- Cole School and Gymnasium
- U.S. National Register of Historic Places
- Cole School in 1982
- Location: 7415 Fairview Ave., Boise, Idaho
- Coordinates: 43°37′08″N 116°16′27″W﻿ / ﻿43.61889°N 116.27417°W
- Area: 7 acres (2.8 ha)
- Built: 1903
- Built by: I. J. Allen
- Architect: Campbell & Wayland; Tourtellotte & Hummel
- Architectural style: Romanesque, Modern Movement, Art Deco
- MPS: Boise Public Schools TR
- NRHP reference No.: 82000189
- Added to NRHP: November 8, 1982

= Cole School and Gymnasium =

Historic building in Boise, Idaho

Cole School and Gymnasium in Boise, Idaho, was a 2-story, stucco over brick school building with stone trim. The year of construction was likely 1903, although in an annual report issued by the Boise School District 1972–73, the year was given as 1908. Above the main entry of a 1951 addition to the building was written, "Cole Elementary Est. 1888." The buildings were added to the National Register of Historic Places (NRHP) in 1982.

==History==
Orric and Ella (Bown) Cole donated part of their farmland for construction of a school on March 30, 1888, and the original Cole School was constructed in that year. Ella Cole taught at the school during its first five years. By 1891 Cole School was part of School District 29, and it may have been the only school in the district.
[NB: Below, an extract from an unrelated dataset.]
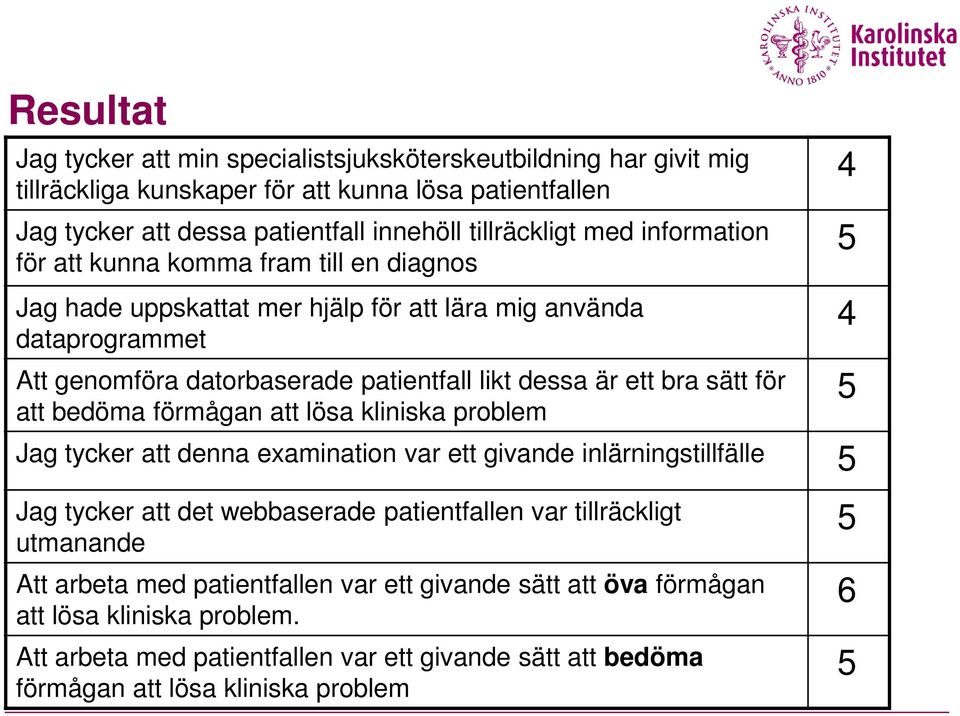 att bedöma förmågan att lösa kliniska problem Jag tycker att denna examination var ett givande inlärningstillfälle 5 4 5 4 5 Jag tycker att det webbaserade patientfallen var tillräckligt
By 1903 Cole School was part of School District 5, and a new school building had been designed by architects Campbell & Wayland. Contractor I. J. Allen constructed the 2-story, 8-room brick schoolhouse. It opened in November, 1903, with Professor John H. Kruger as principal. The building featured a hipped roof and secondary hipped roofs at each corner, with a central bell tower above and behind a small, hipped gable with dormer centered above the Romanesque entry.

Cole School became a stop on the Intermountain Electric Railway, later the Boise Interurban Railway, in 1904.

In 1937 Tourtellotte & Hummel designed a 2-story Art Deco gymnasium and cafeteria adjacent to the school, and in 1951 a 1-story addition to the school was constructed.

Cole School was annexed into the Independent School District of Boise City in 1948.

In 1975 the Boise School District identified three school sites, Garfield, Campus, and Cole, as being "hazardous and noisy locations for elementary schools." Of these, only Garfield School remains. Campus School was closed in 1990 and became part of Boise State University.

A bell was installed in the tower at Cole School.

Cole School closed on June 5, 2008, and the school district announced plans for demolition. A committee of preservationists and local activists tried to save the school, but it was demolished in November, 2009.